After the overflowing drawer incident, I asked my daughter to pick out her favorite 20 markers, favorite 20 colored pencils, favorite 30 crayons, one paint set, and her favorite two art books. That's what would be staying in the drawer. The rest would be put up in a closet for a while, to be revisited as her artistic needs evolved. :)
I expected resistance from her. But to my surprise, she actually seemed relieved.
Then I thought, Why wouldn't she be relieved? After all, she would have her favorite art supplies to use, there would be less to take care of, and most importantly, she would have me off her back! Furthermore, the excess supplies would be "like new" down the road, instead of getting jumbled with everything else, lost, or destroyed.
My daughter's art dilemma reminded me of a great book by Greg McKeown called Essentialism: The Disciplined Pursuit of Less.
In the book, McKeown explains:
"The Essentialist deliberately distinguishes the vital few from the trivial many, eliminates the nonessentials, and then removes obstacles so the essential things have clear, smooth passage. In other words, Essentialism is a disciplined, systematic approach for determining where our highest point of contribution lies, then making execution of those things effortless."

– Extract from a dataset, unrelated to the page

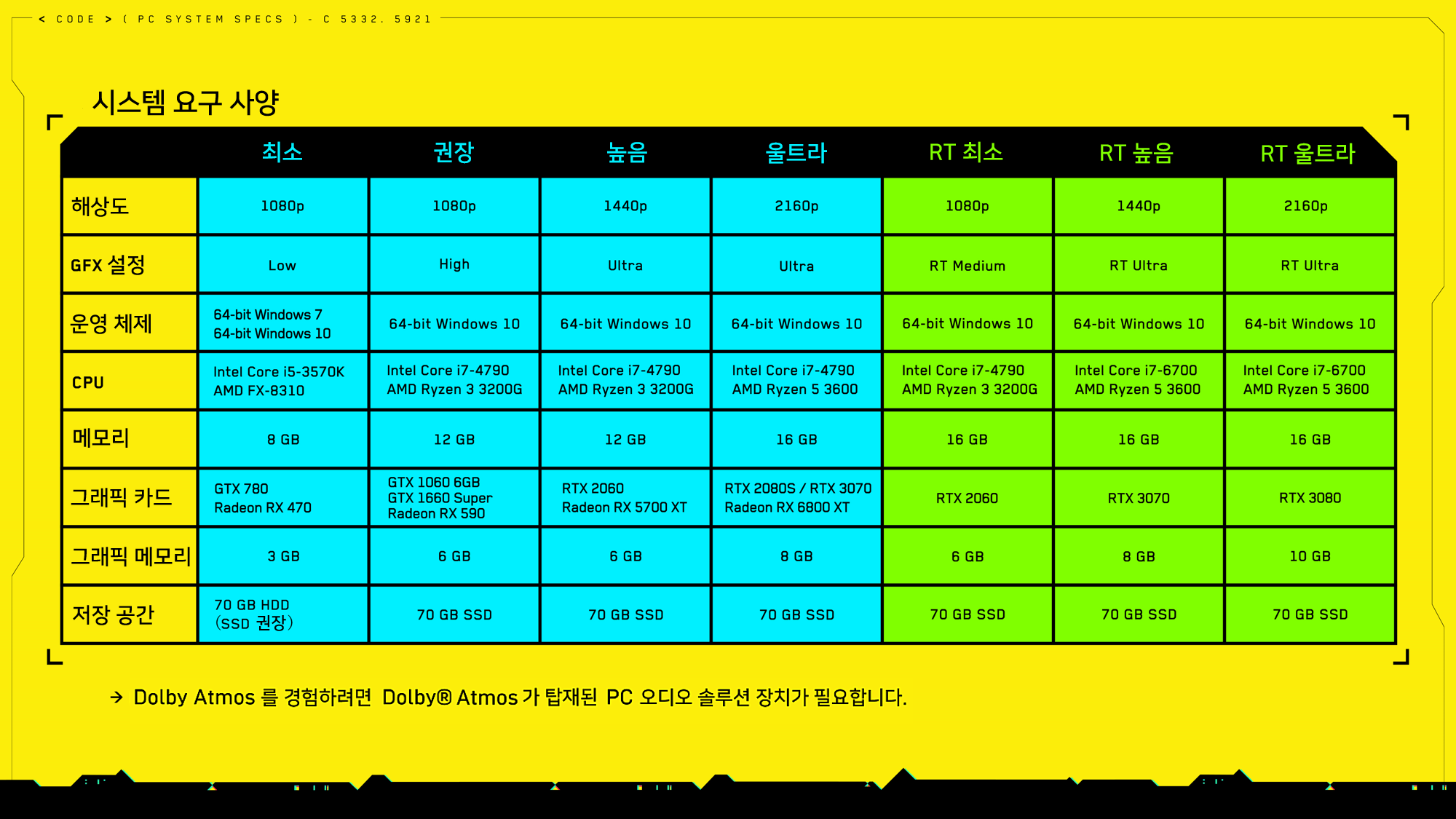 System Requirements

McKeown explains that a NONESSENTIALIST is characterized by:
All things to all people - "I have to. It's all important. How can I fit it all in?"
The undisciplined pursuit of more - reacts to what's most pressing, says "yes" to people without really thinking, tries to force execution at the last moment
Lives a life that does not satisfy - takes on too much (and work suffers), feels out of control, is unsure of whether the right things got done, feels overwhelmed and exhausted
In contrast, the ESSENTIALIST is characterized by:
Less but better - "I choose to. Only a few things really matter. What are the trade-offs?"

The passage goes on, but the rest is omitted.